And Chance Parker, executive director of Ramsey United, said it wouldn't be the last time. "We are going to make this a routine exercise," he said.
“We want to draw awareness and exposure to the issue,” Parker said as drivers on North Central Avenue beeped their horns at the demonstrators.
The issue: a proposed 60,000 square-foot indoor firing range at the former Liberty Travel building on Spring Street. An application for the facility – dubbed the Screaming Eagle Club – is pending with the Ramsey Planning Board.
After the borough received the application, the council introduced an ordinance last month that would ban the use of firearms at shooting ranges. The ordinance would revise one currently on the books that prohibits the firing of “any pistol, shotgun, rifle or other type of firearms anywhere in the borough,” but exempts indoor and outdoor firing ranges.
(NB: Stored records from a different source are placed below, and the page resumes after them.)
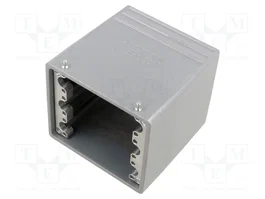 LAPP Conector Industrial HDC EPIC® H-A 48 TG M40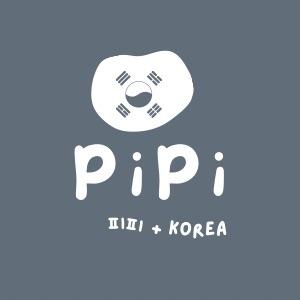 Pipi.krstore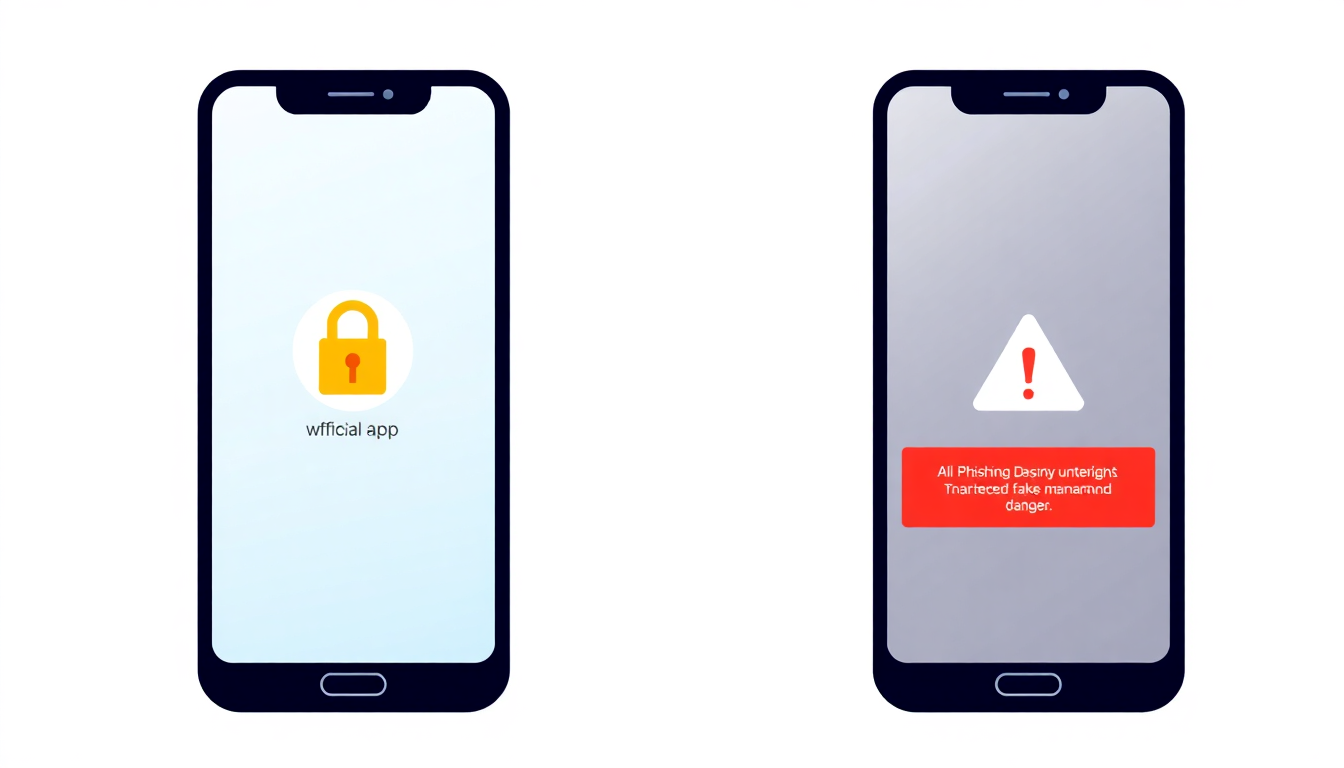 pi币二维码在哪里 配图2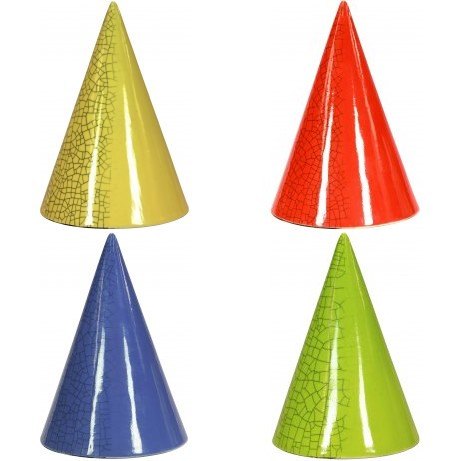 Botz Crackle Glazes Botz Crackle Glazes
The ordinance was tabled earlier this month amidst threat of a lawsuit from the New Jersey Second Amendment Society. At the time, Ramsey Mayor Deirdre Dillion said the borough was in the process of obtaining a national law firm to represent the borough pro-bono in the event of litigation.
A council meeting is scheduled for tonight at 7:30 p.m. On the agenda is a resolution “authorizing the borough to enter into an agreement with Troutman Sanders for legal services, on a pro bono basis,” in connection with the ordinance.